7. The unmanned aerial vehicle image target detection method based on multi-scale and Gaussian Wasserstein distance according to claim 6, wherein the unmanned aerial vehicle image target detection method is characterized by comprising the following steps of: in step S4, (x- μ) ^T Σ ^-1 When (x- μ) =1, the horizontal bounding box r= (c) _x ,c _y W, h) is modeled as a two-dimensional gaussian distribution N (μ, Σ), where:

two boundaries are setThe similarity between the boxes is converted into a distance between two gaussian distributions, μ for two-dimensional gaussian distributions ₁ ＝N(m ₁ ,Σ ₁ ) Sum mu ₂ ＝N(m ₂ ,∑ ₂ )，μ ₁ Sum mu ₂ The second order Wasserstein distance between is abbreviated as:

wherein I II _F Representing the Frobenius norm;

where C is the average absolute size of the targets in the dataset.
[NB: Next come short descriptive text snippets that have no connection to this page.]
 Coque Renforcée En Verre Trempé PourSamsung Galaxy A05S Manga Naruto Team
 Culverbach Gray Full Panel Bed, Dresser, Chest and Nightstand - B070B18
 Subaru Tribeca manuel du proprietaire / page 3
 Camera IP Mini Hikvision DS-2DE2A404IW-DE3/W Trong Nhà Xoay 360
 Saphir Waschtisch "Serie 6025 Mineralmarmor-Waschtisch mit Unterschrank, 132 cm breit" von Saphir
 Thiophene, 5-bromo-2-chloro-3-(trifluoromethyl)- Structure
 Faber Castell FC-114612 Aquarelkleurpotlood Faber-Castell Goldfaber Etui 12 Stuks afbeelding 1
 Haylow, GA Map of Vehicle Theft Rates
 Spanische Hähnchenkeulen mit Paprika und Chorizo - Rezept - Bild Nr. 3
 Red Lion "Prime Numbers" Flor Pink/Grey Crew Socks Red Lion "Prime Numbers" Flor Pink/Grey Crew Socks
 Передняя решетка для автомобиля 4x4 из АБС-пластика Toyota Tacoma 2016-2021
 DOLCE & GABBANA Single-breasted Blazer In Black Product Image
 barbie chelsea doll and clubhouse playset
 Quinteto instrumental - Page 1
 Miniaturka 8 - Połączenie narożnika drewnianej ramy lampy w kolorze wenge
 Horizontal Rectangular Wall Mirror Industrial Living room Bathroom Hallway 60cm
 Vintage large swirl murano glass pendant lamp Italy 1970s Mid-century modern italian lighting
8. The unmanned aerial vehicle image target detection method based on multi-scale and Gaussian Wasserstein distance according to claim 7, wherein the unmanned aerial vehicle image target detection method comprises the following steps of: in step S4, the loss function is composed of a target confidence loss, a classification loss, and a bounding box regression loss weighting, where the target confidence loss and the classification loss use binary cross entropy, the bounding box regression loss is represented as a normalized weighted sum of CIoU loss and NWD loss of the prediction bounding box and the real target bounding box, and the loss function is represented as:

Loss＝λ ₁ L _cls +λ ₂ L _obj +λ ₃ [αL _CIoU +(1-α)L _NWD ]

L _NWD ＝1-NWD(N _p ,N _g )

9. The unmanned aerial vehicle image target detection method based on multi-scale and Gaussian Wasserstein distance according to claim 1, wherein the unmanned aerial vehicle image target detection method is characterized by comprising the following steps of: in step S5, the performance of the algorithm is evaluated by using the AP50, the AP75 and the mAP as the evaluation indexes of the model, the effect of the improved feature extraction network on the test data set is tested, and the influence of the NWD metric introduced on the performance of the model is analyzed.